UVA - 11419 SAM I AM

SAM I AM

The world is in great danger!! Mental’s forces have returned to Earth to eradicate humankind. Our last hope to stop this great evil is Sam “Serious” Stone. Equipped with various powerful weapons, Serious Sam starts his mission to destroy the forces of evil. After fighting two days and three nights, Sam is now in front of the temple KOPTOS where Mental’s general Ugh Zan III is waiting for him. But this time, he has a serious problem. He is in shortage of ammo and a lot of enemies crawling inside the temple waiting for him. After rounding the temple Sam finds that the temple is in rectangle shape and he has the locations of all enemies in the temple. All of a sudden he realizes that he can kill the enemies without entering the temple using the great cannon ball which spits out a gigantic ball bigger than him killing anything it runs into and keeps on rolling until it finally explodes. But the cannonball can only shoot horizontally or vertically and all the enemies along the path of that cannon ball will be killed. Now he wants to save as many cannon balls as possible for fighting with Mental. So, he wants to know the minimum number of cannon balls and the positions from which he can shoot the cannonballs to eliminate all enemies from outside that temple.
Input
The input file contains several test cases. Here, the temple is defined as a R ×C grid.
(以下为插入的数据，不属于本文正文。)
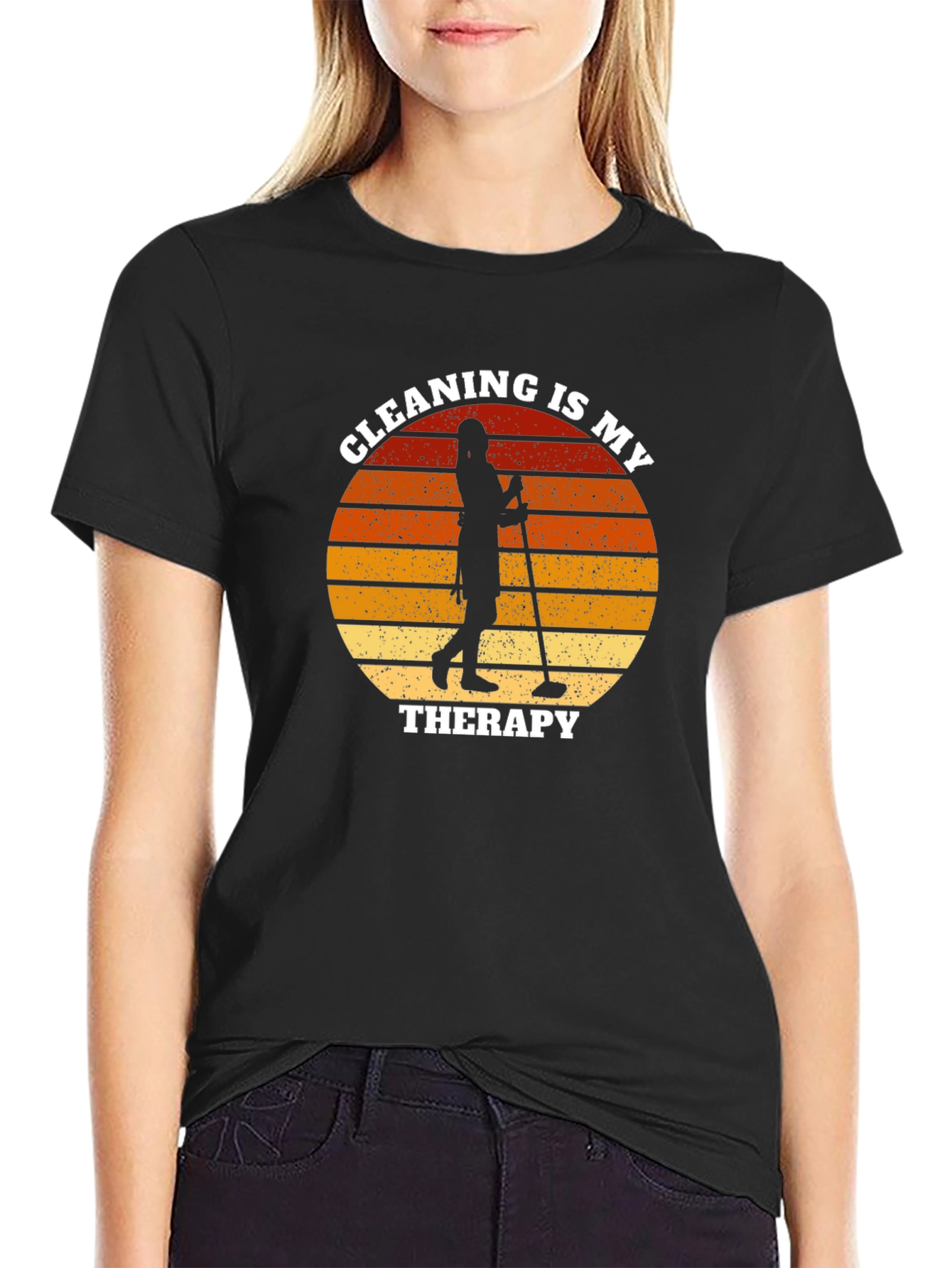 Cleaning Therapy Graphic T-Shirt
The first line of each test case contains 3 integers:R (0 < R < 1001), C (0 < C < 1001) representing the grid of temple (R means number of row and C means number of column of the grid) and the number of enemies N (0 < N < 1000001) inside the temple. After that there are N lines each of which contains 2 integers representing the position of the enemies in that temple. Each test case is followed by a new line (except the last one). Input is terminated when R = C = N = 0.
Output
For each test case there will be one line output. First print the minimum number (m) of cannonballs needed to wipe out the enemies followed by a single space and then m positions from which he can shoot those cannonballs. For shooting horizontally print ‘r’ followed by the row number and for vertical shooting print ‘c’ followed by the column number. If there is more than one solution any one will do.
Sample Input
4 4 3 1 1 1 4 3 2
4 4 2 1 1 2 2
0 0 0
Sample Output
2 r1 r3 2 r1 r2

思路：将行作为二分图左侧的点，列作为二分图右侧的点，即为求二分图的最小点覆盖数，就可以转化为求二分图的最大匹配数。这里的重难点在路径打印，解释在注释中给出

#include <iostream>
#include <cstdio>
#include <cstring>

using namespace std;

const int maxn = 1e3 + 10;

int r, c, n;
int g[maxn][maxn], linkl[maxn], linkr[maxn], vis[maxn], a[maxn], b[maxn];
int vit[maxn];

int dfs(int x)
{
    vis[x] = 1;
    for(int i = 1; i <= c; i++)
    {
        if(!vit[i] && g[x][i])
        {
            vit[i] = 1;
            if(!linkl[i] || dfs(linkl[i]))
            {
                linkl[i] = x;
                linkr[x] = i;
                return 1;
            }
        }
    }
    return 0;
}

int main()
{
    while(cin >> r >> c >> n)
    {
        if(!r && !c && !n)
            break;
        memset(g, 0, sizeof(g));
        int e = 0;
        for(int i = 0; i < n; i++)
        {
            int x, y;
            cin >> x >> y;
            g[x][y] = 1;
        }
        int ans = 0;
        memset(linkl, 0, sizeof(linkl));
        memset(linkr, 0, sizeof(linkr));
        for(int i = 1; i <= r; i++)
        {
            memset(vit, 0, sizeof(vit));
            memset(vis, 0, sizeof(vis));
            if(dfs(i))
                ans++;
        }
        printf("%d", ans);
        memset(vit, 0, sizeof(vit));
        memset(vis, 0, sizeof(vis));//注意清空操作！
        for(int i = 1; i <= r; i++)
        {
            if(!linkr[i])
                dfs(i);//将左侧没有与右侧匹配的点作为起点进行匹配，将同侧与其右侧匹配点相同的点标记，同时标记右侧的与其有关系的点
        }
        for(int i = 1; i <= r; i++)
        {
            if(!vis[i])
                printf(" r%d", i);
        }
        for(int i = 1; i <= c; i++)
        {
            if(vit[i])
                printf(" c%d", i);
        }
        cout << endl;
    }
    return 0;
}